И вроде загружали меня хорошо, но то густо, то пусто. Я ходила бесконечными серыми коридорами за подписями серых пиджаков и белых воротничков, ворошила кипы бумаг… Сама переоделась во взрослую девушку. На меня, кажется, перестали коситься в заводоуправлении. Но при этом было скучно. Без общения с ребятами, без физического труда. Пялилась в монитор целый день, на час меньше стандартной восьмичасовой смены. Чтобы совсем не спать, я брала на работу учебник физики: готовилась поступать на техническую специальность, подтягивала хвосты. Я была счастлива, покидая бухгалтерию и надеясь, что навсегда.

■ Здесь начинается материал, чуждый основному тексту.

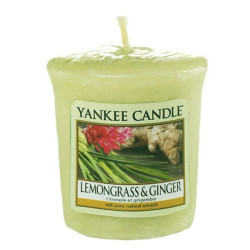 Bougie parfumée CITRONNELLE & GINGEMBRE-Yankee Candle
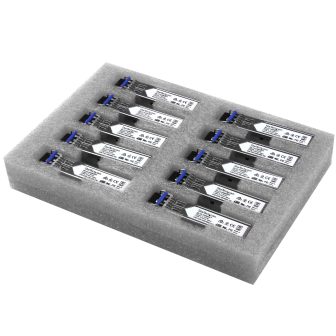 StarTech.com 10-Pack SFP Modules Compatible with Cisco GLC-LH-SMD -…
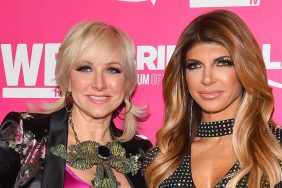Margaret Josephs and Teresa Giudice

На следующий год, когда я в последний раз подписала договор подряда, Александр Михайлович, не мудрствуя лукаво, оставил меня в отделе кадров. А ведь я так мечтала о химчистке! Неужели так выросла? Кто поймёт этих начальников?

Самым прекрасным в отделе кадров было отсутствие проходной – он располагался как раз над фойе с вертушкой. Нет, пропуск мне, как и всем ребятам выдали, только пользовалась я им редко.

Меня снова посадили разбирать бумаги: раскладывать дополнительные соглашения по конвертам. Всяко веселее, чем в бухгалтерии. Каждый день приходили новые люди, появлялись новые впечатления. И было как-то спокойно. Мои новые наставницы могли отпустить меня то к зубному, то на почту отправить документы в университеты.

Так, через конверты и архивы, я заочно познакомилась со всем нашим заводом, а значит, и всем Чебаркулëм. Целые династии годами ходили через проходную, и я тоже часть одной такой. Особенно приятно было находить личные дела дедушки, мамы, папы и тёти. Нет, я ничего не читала, но знакомые фамилии радовали глаз.

Работа в отделе кадров никак не мешала поступлению. ЕГЭ я уже сдала, аттестат получила. Оставался только мучительный выбор и ожидание результата. Хорошо, что я не стала сдавать обществознание. И как бы я училась на гуманитарной специальности? Катая вату. Ведь мне очень легко давались гуманитарные науки. А вот инженер – профессия более сложная и многогранная.